DATA:
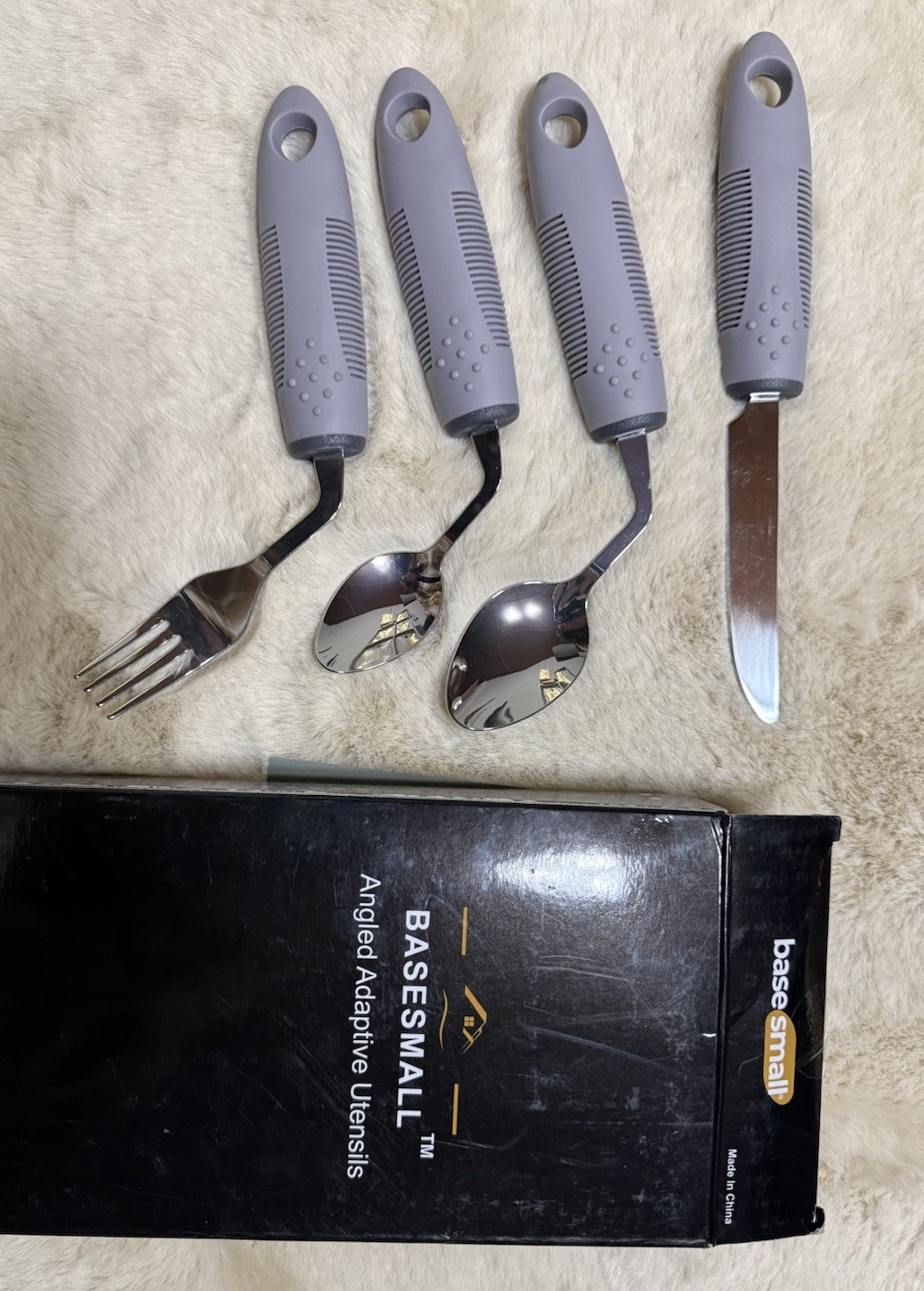 Angled Adaptive Slip Resistant Cutlery Set Gray Stainless Steel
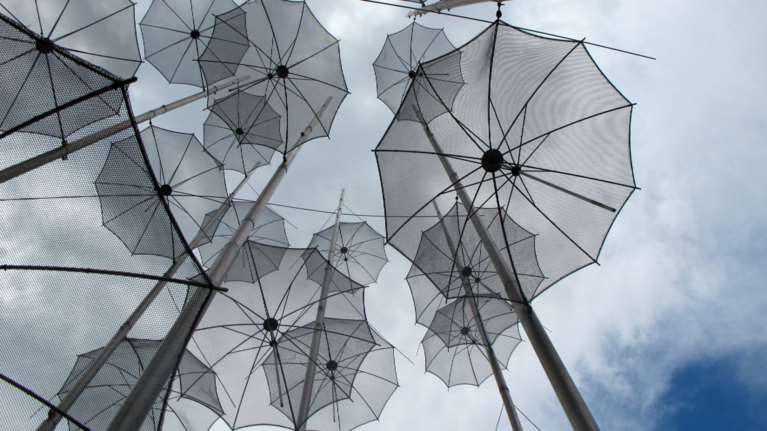 Καιρός: Συννεφιά και άνεμοι έως 6 μποφόρ - Πού θα βρέξει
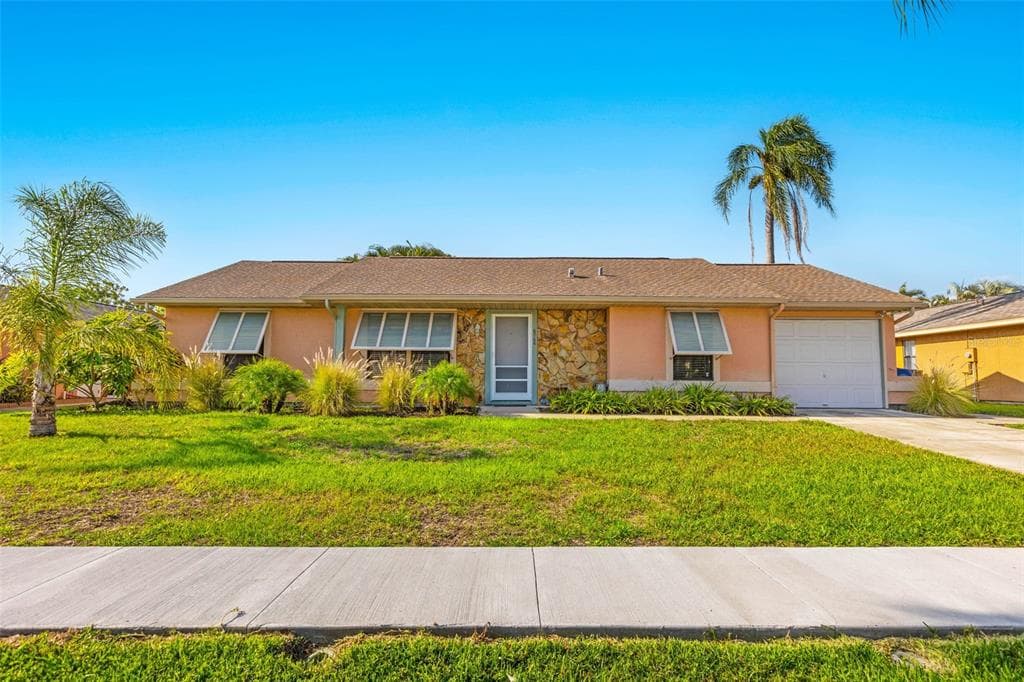 6506 34TH AVENUE W BRADENTON, FL 34209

EXERCISE REQUIREMENTS: Return exactly the lines starting at the line with "Καιρός: Συννεφιά και" and ending at the last line of the listing, both ends included; pictures are to be left out.

RESPONSE AREA:
 Καιρός: Συννεφιά και άνεμοι έως 6 μποφόρ - Πού θα βρέξει
 6506 34TH AVENUE W BRADENTON, FL 34209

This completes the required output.